Understanding the Demand for Rail Travel in UK

Class 395 "Javelin" high-speed train operated by Southeastern, at Ebbsfleet International

Class 395 "Javelin" high-speed train operated by Southeastern, at Ebbsfleet International

Photo by Sunil060902, CC BY-SA 3.0

Because predicted rail growth — based on ticket sales data — has not compared well to the observed increase in rail demand, the UK Department for Transport sought recommendations on how the current forecasting framework can be extended to incorporate external factors. An analysis of the National Travel Survey allowed researchers to quantify the impact of external socio-economic factors on rail demand.

Background

Over recent years, predicted rail growth has not compared well to the observed increase in rail demand. In the UK, the demand for rail travel is usually forecast using models based on ticket sales data to obtain the influence of service factors, such as rail fares, as well as exogenous factors, such as income growth.

Goals

The aim of the study was to better understand how factors external to the rail industry, like age, gender, employment patterns and car ownership, influence the demand for rail travel and to provide recommendations on how the current forecasting framework can be extended to incorporate these factors.

Methodology

The modelling approach used in the study combines the strengths of two data sources describing rail demand:

  1. disaggregate information on travel and travellers from the UK National Travel Survey (NTS) to quantify the impact of external socio-economic factors on rail demand, and
  2. aggregate time series ticket data to quantify the impact of income, rail service and the service levels of competing modes on rail demand.

RAND Europe’s work focussed on the analysis of the NTS data, which allows exploration of external factors like age, gender, employment type and car ownership on rail demand (as well as obtaining an independent set of income elasticities). To quantify the impact of external socio-economic factors on rail demand discrete choice models of rail trip making from (disaggregate) NTS data were developed. The models are structured to understand two issues related to rail demand: who travels by rail and how many trips rail users make.

Findings

  • Personal income is a strong determinant for the choice of using rail as a mode of travel. Across all journey purposes and geographies we observe that increasing income leads to an increase in the propensity to travel by rail, although increasing income levels do not seem to have such a large impact on the propensity to make multiple trips.
  • People with full driving licences are less likely to use rail for commuting journeys and other trips. Furthermore, as the number of cars in the household increases the propensity to travel by rail decreases. People who have a car freely available in the household are less likely to make rail trips.
  • The presence of a company car affects the propensity for rail travel differently for commuting and business travel. Commuters with company cars are less likely to make rail trips whereas business travellers with company cars are more likely to make rail trips (perhaps the presence of a company car is a proxy for job type). Overall, the trip rates for rail travel for business purposes are very similar for people with and without company cars in the household.
  • When commuting, full-time workers are most likely to make rail trips, followed by part-time workers, followed by those who are self-employed.
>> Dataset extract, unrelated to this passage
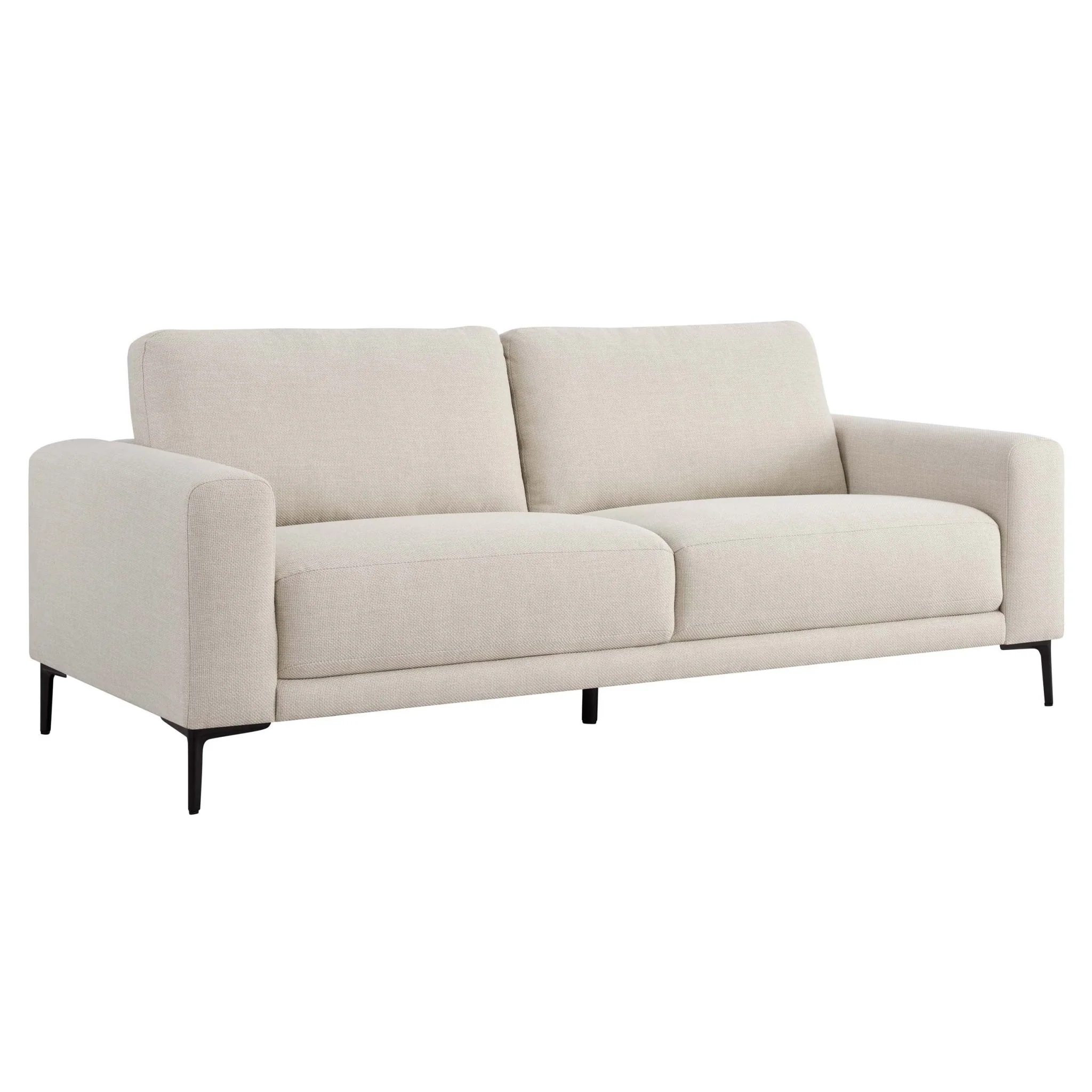 Malibu 3 Seater Sofa - Beige - Image 4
Full-time workers are also more likely to make multiple rail commute trips.
  • For travel for other purposes, self-employed workers and temporarily sick people, disabled people and people looking after family are less likely to make rail trips relative to full time workers. In comparison, students, the retired, the unemployed and part-time workers are more likely to make rail trips for other purposes. Full-time workers are less likely to make multiple rail trips for other purposes.
  • Across all purposes, people working in managerial, professional or administrative occupations are more likely to travel by rail compared to those with other occupations.
  • In terms of employment type, those who work in the finance sector (for commuting and other travel) and real estate (for business travel) are more likely to travel by rail, whereas those who are involved in manufacturing, wholesale business, construction and health/social care sectors are less likely to travel by rail Moreover, for commuting, those who work in the financial sector are more likely to make multiple rail trips in the week for commuting purposes. Therefore, as the structure of the economy changes, we would expect changes in rail demand.
  • In general, older people and those under 16 years of age are less likely to travel by rail, whereas those who are employed and are under 25 years of age are more likely to make multiple rail commuting trips.

We observed a significant time-trend effects across most purposes and geographies, indicating an increased likelihood of travelling by rail over time that is not explained by socio-economic and network service terms. Some may hypothesise that this is a result of the digital revolution, which may have reduced the disutility of rail travel time both in absolute and relative to other modes

The changes in the employment mix of cities had been hypothesised to explain (some of) the strong growth in rail into Britain’s core cities; the NTS analysis has allowed us to quantify its effect so that it can be included both in our aggregate econometric models and in future forecasts.

Successful application of the improved models for forecasting purposes requires the collation of socio-economic and demographic forecast data at an appropriately granular level in order to capitalise on the framework developed in this study.